Da geht ein leichtes Beben durch ihren Leib. Louise kommt zu sich und öffnet langsam die Lider. Ihr Blick fällt auf ihren Mann. Sie sieht ihm in die Augen, lächelt.
«Louis», sagt sie leise und schlingt ihre Arme um ihn.
«Louise», erwidert er und hält sie fest, ganz fest. Nun fließen seine Tränen offen und tropfen in ihr Haar.
«Es ist doch alles gut gegangen», murmelt sie begütigend. «Lass uns nicht mehr daran denken.»
Die Miene des Königs wird hart. Es wird auch nicht mehr geschehen. Er wird sich mit seiner Frau und dem Hof aufs Land zurückziehen. Fontainebleau. Wenn nur ein Teil des Hofstaates folgt und das Schloss nicht aus allen Nähten platzt, ist es schön dort. Der König lächelt. Vor fast 25 Jahren hat ihrer beider Geschichte dort einen neuen Anfang gefunden, nachdem er Louise in Amboise hatte verlassen müssen. Er denkt gerne an die Zeiten ihrer jungen Liebe zurück, die ihm so einfach erscheint, jetzt, so unbeschwert.

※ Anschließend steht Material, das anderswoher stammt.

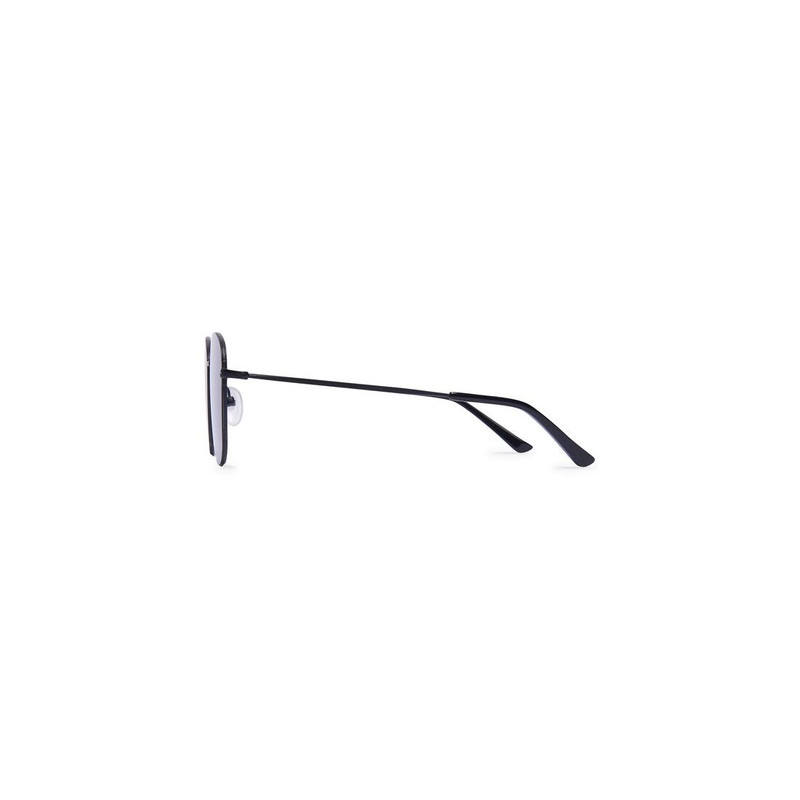 Invisible Square Sunglasses in Black 3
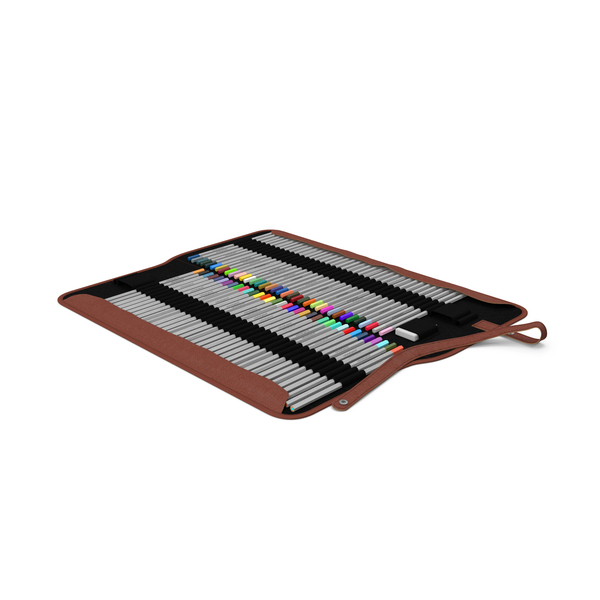 Pencil Box With Pencils PNG & PSD Images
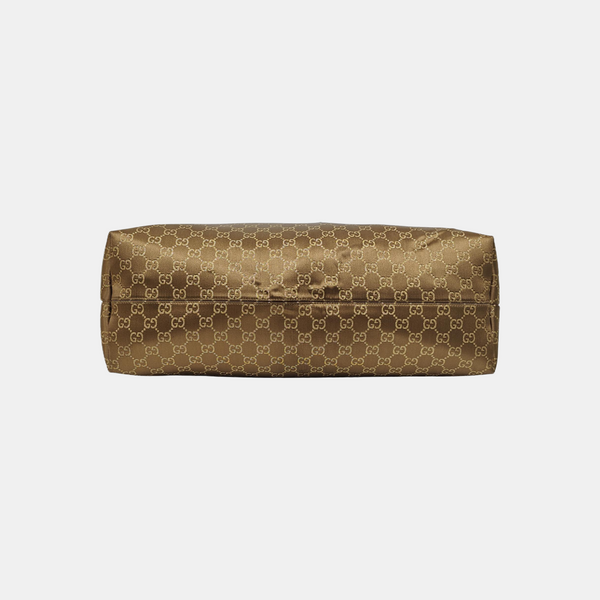 Monogram Coated Canvas Tote Bag Brown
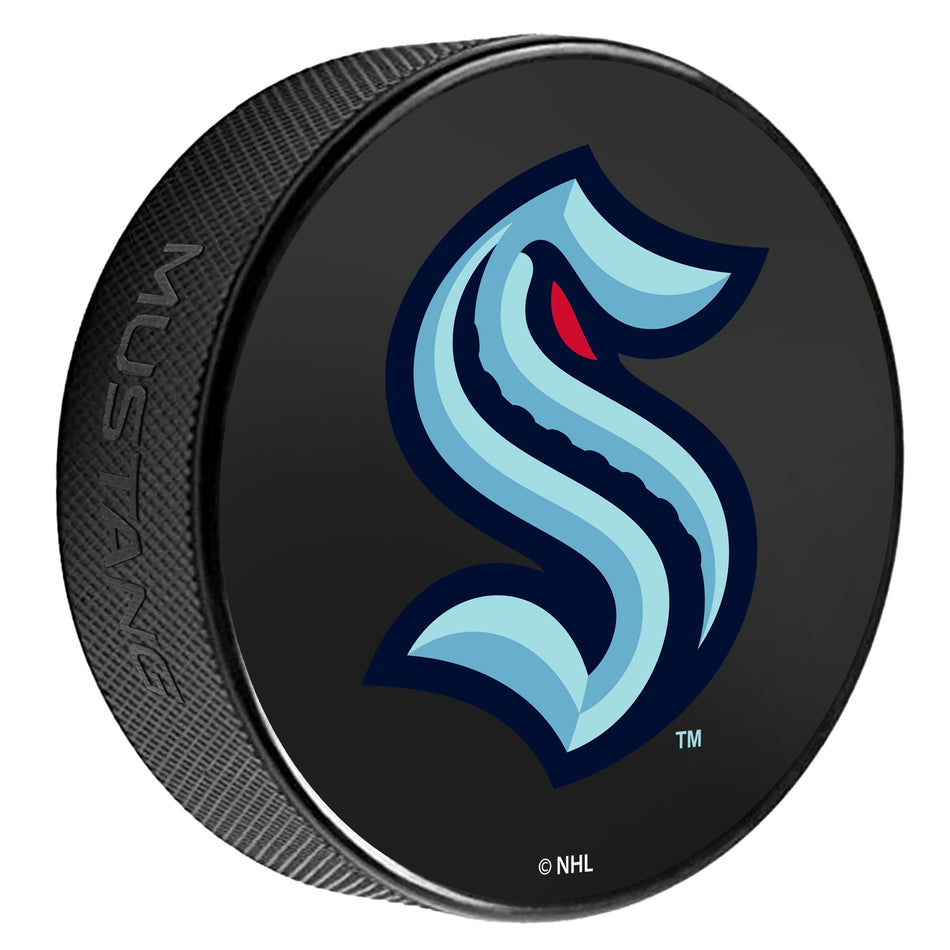 Seattle Kraken Puck | Printed Primary Logo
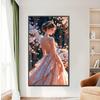 5D DIY Full Round Drill Partial AB Diamond Painting Elegant Girl Kit Art Decor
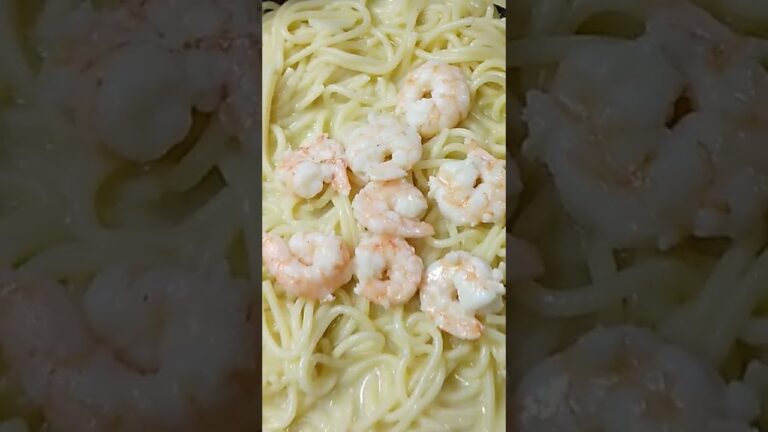 海老のクリームパスタ(◍•ᴗ•◍)#short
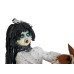 EUROPALMS Halloween Figure Girl on rocking Horse, animated, 72cm EUROPALMS Halloween Figure Girl on rocking Horse, animated, 72cm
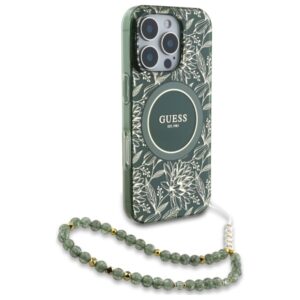 Guess GUHMP16XHCPOFPA Apple iPhone 16 Pro Max 6.9" green kietas dėklas IML Flowers Allover Electro Wit - Image 3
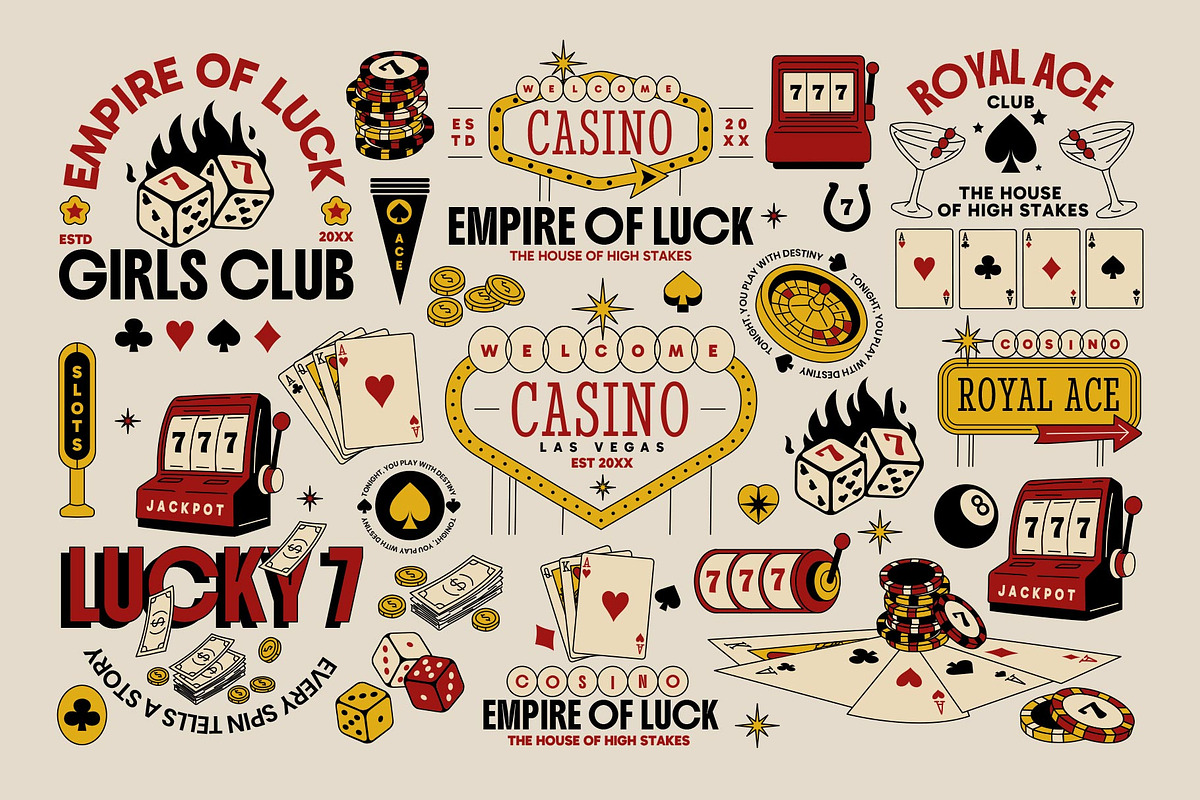 Vegas Casino Pack, an Object Graphic by Pixflow (Photo 1 of 8)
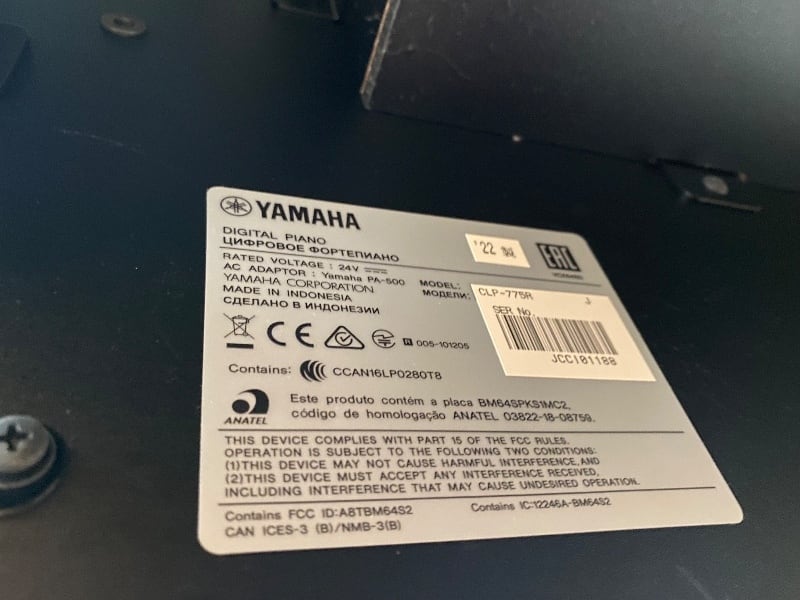 ☆79014【電子ピアノ】YAMAHA CLP775R 22年製 | リユース専門店エプコ
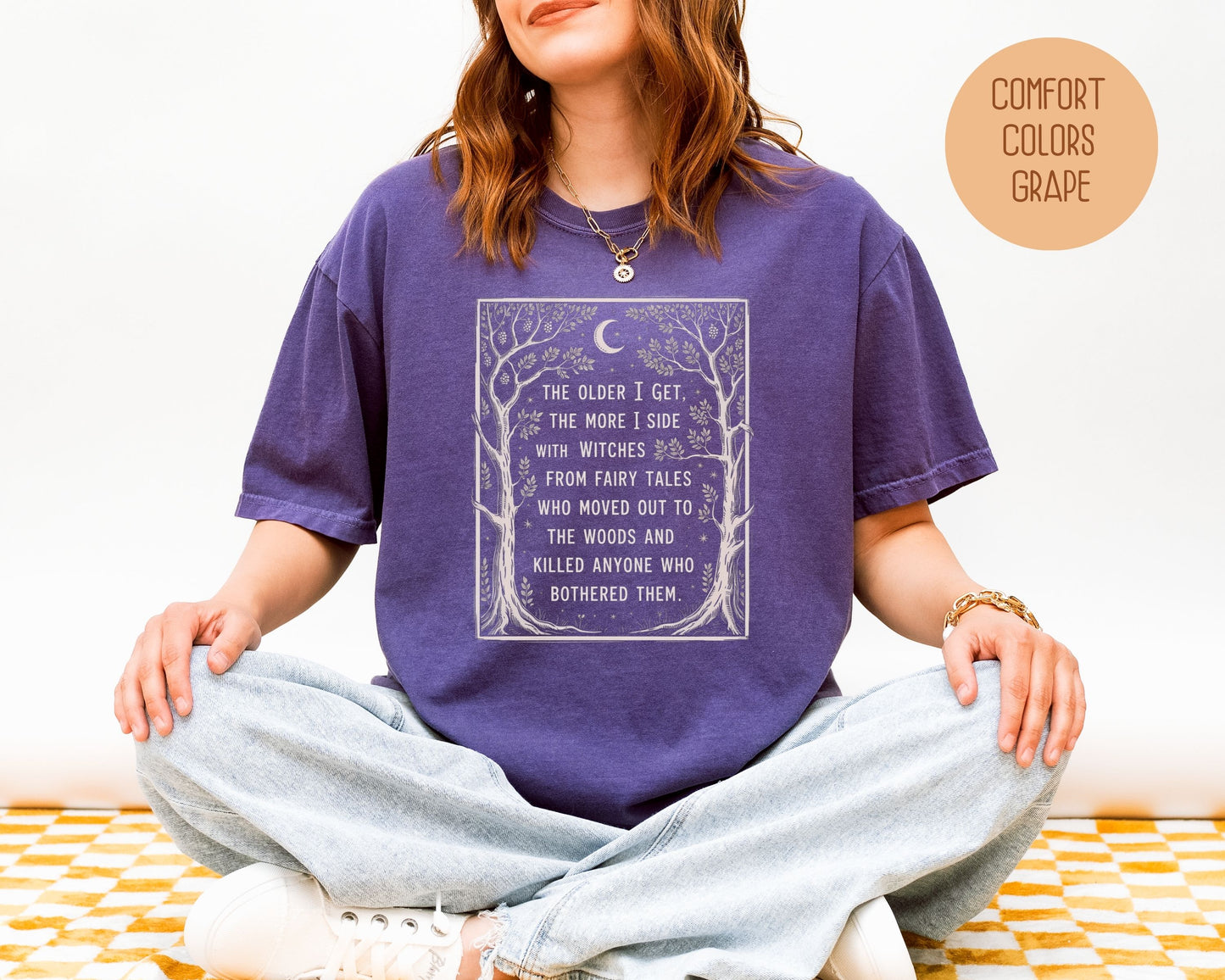 Side with Witches from Fairy Tales Comfort Colors Shirt T-Shirt  CreativeSpecialTs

Sein Blick heftet sich erneut auf die Frau, die in seinen Armen liegt und sein Herz besitzt. Zeit zu handeln. Die Hugenotten werden keine weitere Gelegenheit mehr erhalten. Zu lange hat er dem Treiben zugesehen, zugelassen, dass die Fanatiker unter ihnen ihre Macht ausbauen und die seine gefährden können. Seine Macht, aber auch sein Leben. Und nun das der Königin.
Trop c’est trop. Trêve des discussions. Genug ist genug.